Method 1: Let \(y = \operatorname{arccosec} x\), so \(x = \operatorname{cosec}\, y\). Find \(\dfrac{\mathrm{d}x}{\mathrm{d}y}\) and use \(\cot^2 y = \operatorname{cosec}^2 y - 1\).

Method 2: Use \(\operatorname{arccosec} x = \arcsin\left(\dfrac{1}{x}\right)\) and differentiate by the chain rule.

Find \(\dfrac{\mathrm{d}}{\mathrm{d}x}\operatorname{arccosec} x\).

Method 1:

\[\begin{aligned} &x = \operatorname{cosec}\, y \;\Rightarrow\; \frac{\mathrm{d}x}{\mathrm{d}y} = -\operatorname{cosec}\, y\cot y\\[8pt] &\cot^2 y = \operatorname{cosec}^2 y - 1 = x^2-1\\[6pt] &\text{For } y\in\bigl(0,\tfrac{\pi}{2}\bigr]\!:\; \cot y \geq 0,\;\text{so } \cot y = \sqrt{x^2-1}\\[8pt] &\frac{\mathrm{d}y}{\mathrm{d}x} = \frac{-1}{x\sqrt{x^2-1}} \end{aligned}\] \[\boxed{\frac{\mathrm{d}}{\mathrm{d}x}\operatorname{arccosec} x = \frac{-1}{x\sqrt{x^2-1}}, \quad x > 1}\]

Now find \(\dfrac{\mathrm{d}}{\mathrm{d}x}\operatorname{arccot} x\) by two methods.

Method 1: Let \(y = \operatorname{arccot} x\), so \(x = \cot y\).
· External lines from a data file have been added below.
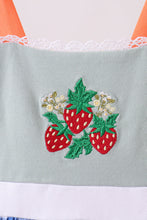 Sage strawberry embroidery ruffle gingham bloomer set - ARIA KIDS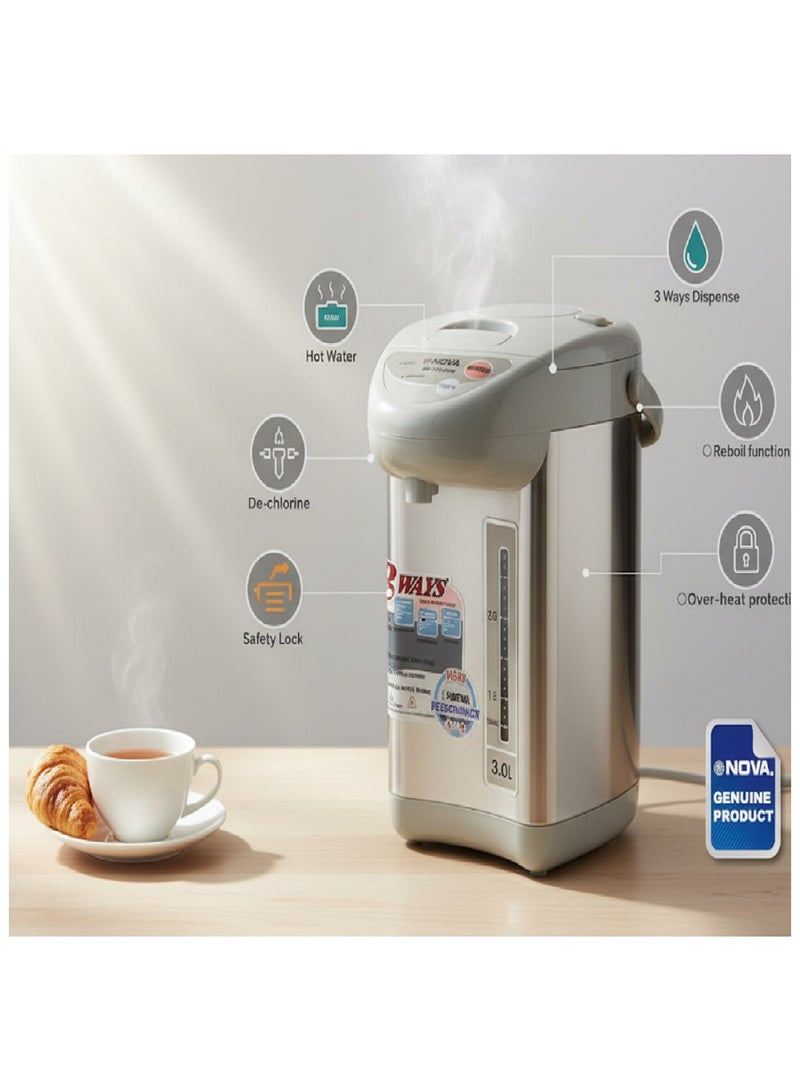 نوفا موزع الماء الساخن وعاء حراري مع إعادة الغليان ، والحفاظ على وظيفة دافئة. 750 واط " 3.0 لتر - Image 4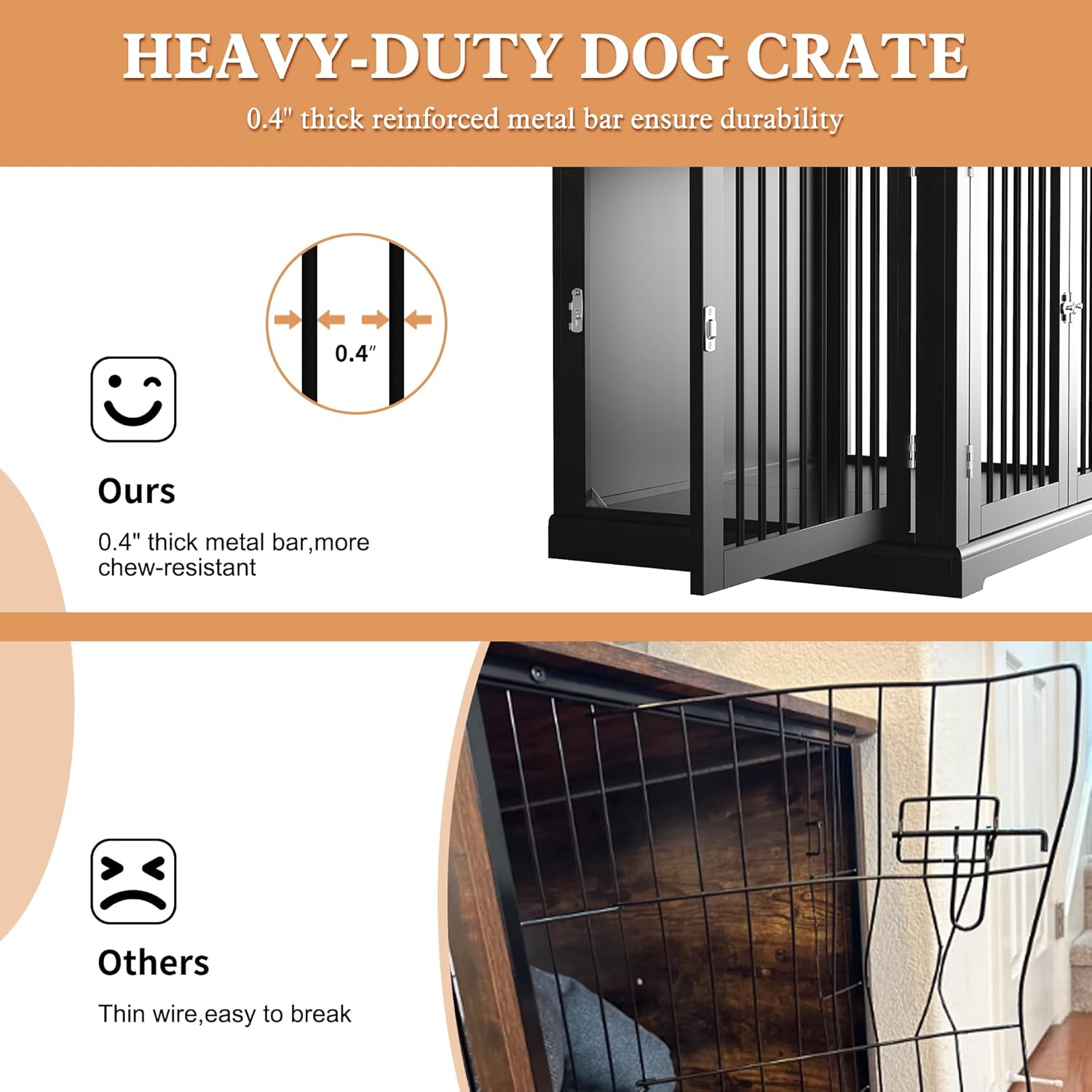 HLR® Furniture Style Dog Crate with Cushion, Dog Kennel Medium, Pet Crates, Dog Cage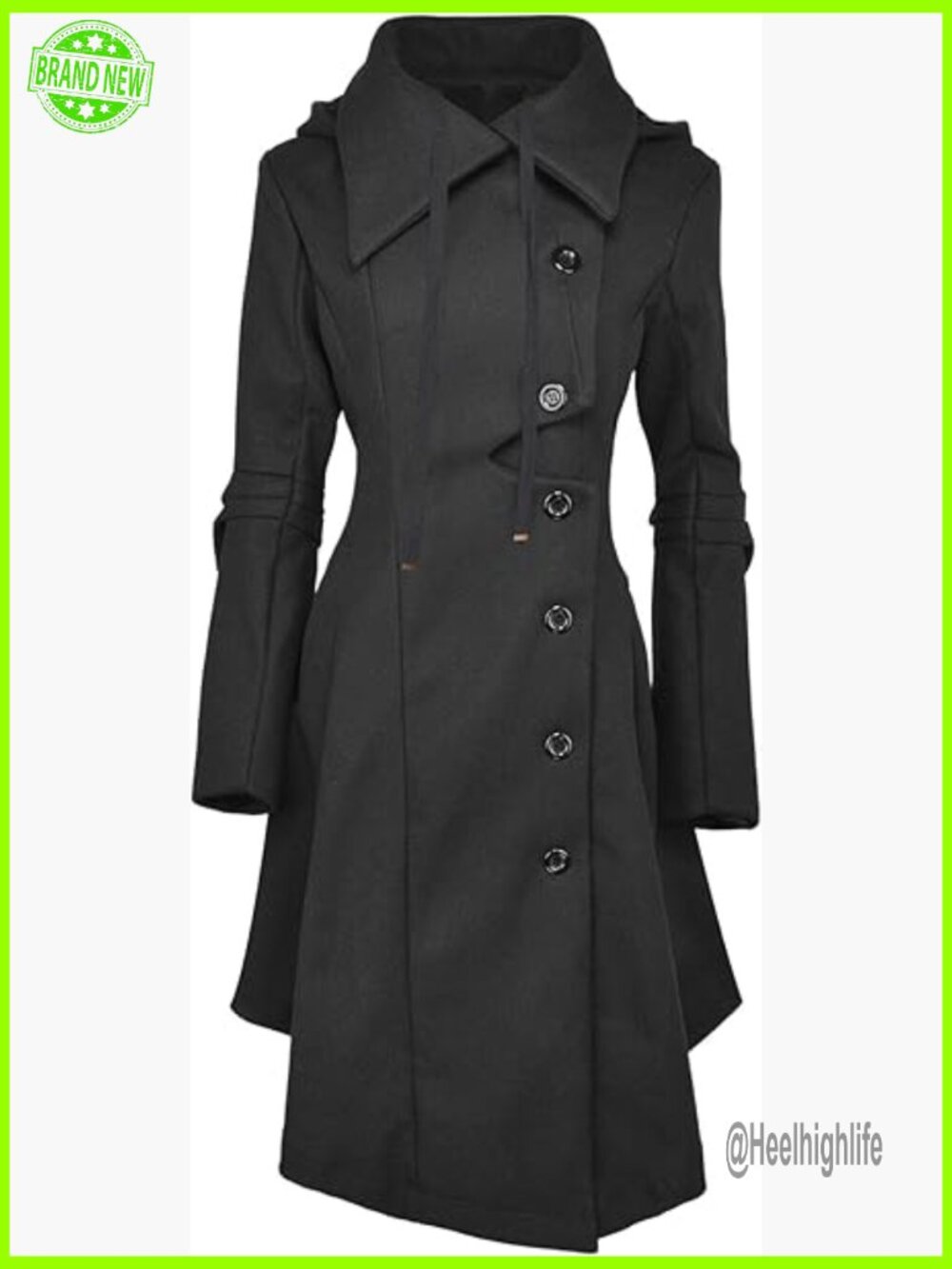 Wool Blend Long Trench Coat with Hood - Steampunk Goth Pea Coat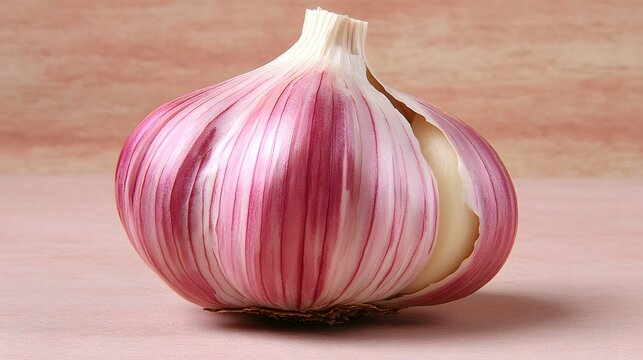 A single bulb of pink garlic partially opened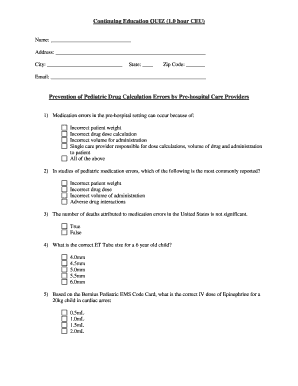 Prevention of Pediatric Drug Calculation Errors Quiz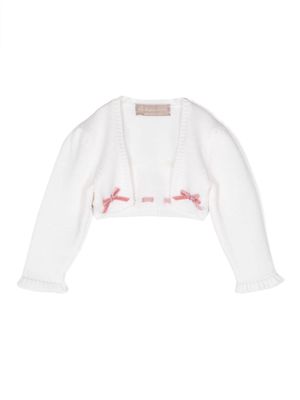 La Stupenderia bow-detail cropped knitted cardigan - White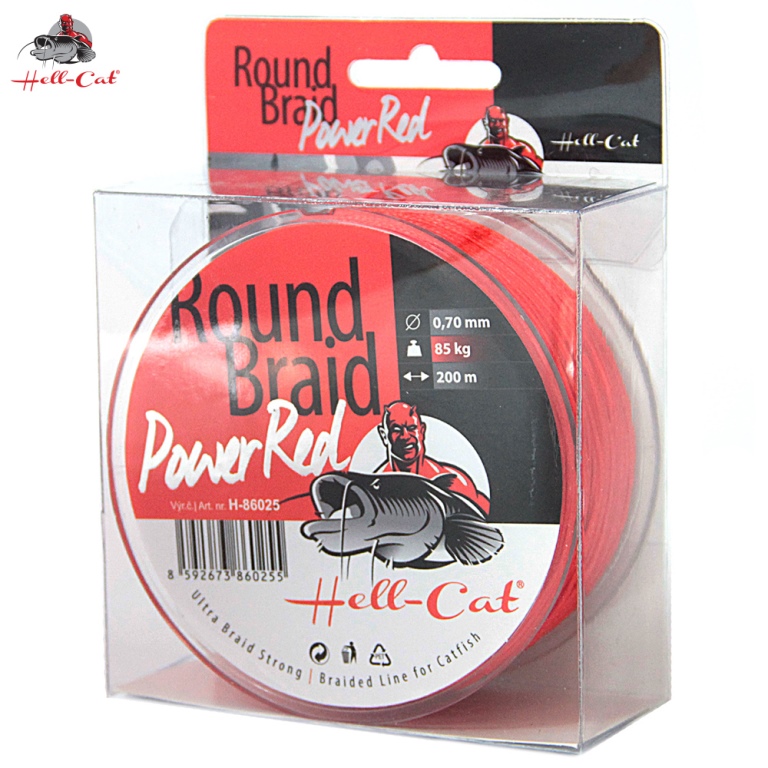 HELL-CAT Šňůra Round Braid Power Red 200m / 0,50mm / 57kg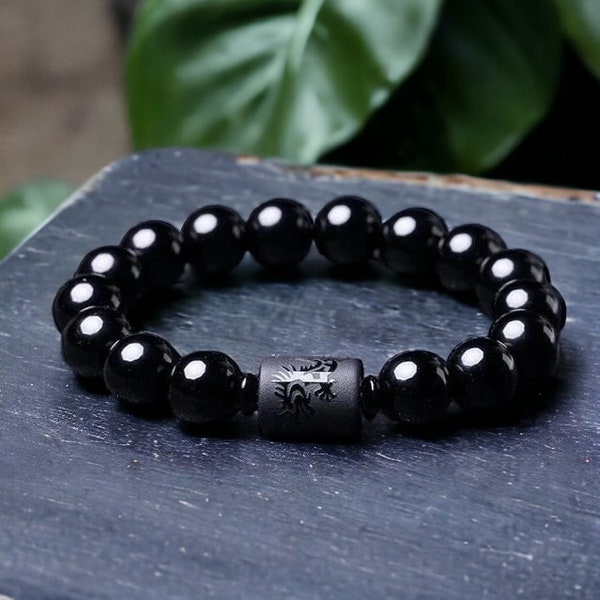 Bracelet élégant de perles d'obsidienne | brassard filigranes, brassard schlichtes, japonais artistique, tradition japonaise, spirituell, kleines geschenk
Find \(\dfrac{\mathrm{d}x}{\mathrm{d}y}\) and use a Pythagorean identity.

Method 2: Differentiate both sides of \(\operatorname{arccot} x + \arctan x = \dfrac{\pi}{2}\).

Find \(\dfrac{\mathrm{d}}{\mathrm{d}x}\operatorname{arccot} x\).

Method 1:

\[\begin{aligned} &x = \cot y \;\Rightarrow\; \frac{\mathrm{d}x}{\mathrm{d}y} = -\operatorname{cosec}^2 y\\[8pt] &\operatorname{cosec}^2 y = 1 + \cot^2 y = 1 + x^2\\[8pt] &\frac{\mathrm{d}y}{\mathrm{d}x} = \frac{-1}{1+x^2} \end{aligned}\]

Method 2:

\[\frac{\mathrm{d}}{\mathrm{d}x}\!\left(\operatorname{arccot} x + \arctan x\right) = 0 \;\Rightarrow\; \frac{\mathrm{d}}{\mathrm{d}x}\operatorname{arccot} x = -\frac{1}{1+x^2}\] \[\boxed{\frac{\mathrm{d}}{\mathrm{d}x}\operatorname{arccot} x = \frac{-1}{1+x^2}}\]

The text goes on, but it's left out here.